**WHAT IS REQUIRED**.
Copy every line from the one containing "ロンシャン 革バッグ レディース" through the last line of the records below, both included, and nothing else.

**Stored items**.
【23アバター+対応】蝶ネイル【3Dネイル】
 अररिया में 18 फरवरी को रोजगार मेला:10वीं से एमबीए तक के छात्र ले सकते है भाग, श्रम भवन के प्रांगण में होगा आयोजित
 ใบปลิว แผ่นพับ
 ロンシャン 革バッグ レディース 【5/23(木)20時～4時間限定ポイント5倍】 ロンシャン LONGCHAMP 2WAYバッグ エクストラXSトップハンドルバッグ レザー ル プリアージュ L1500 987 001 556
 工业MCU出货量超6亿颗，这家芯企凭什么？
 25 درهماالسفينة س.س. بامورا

**WRITTEN REPLY**.
 ロンシャン 革バッグ レディース 【5/23(木)20時～4時間限定ポイント5倍】 ロンシャン LONGCHAMP 2WAYバッグ エクストラXSトップハンドルバッグ レザー ル プリアージュ L1500 987 001 556
 工业MCU出货量超6亿颗，这家芯企凭什么？
 25 درهماالسفينة س.س. بامورا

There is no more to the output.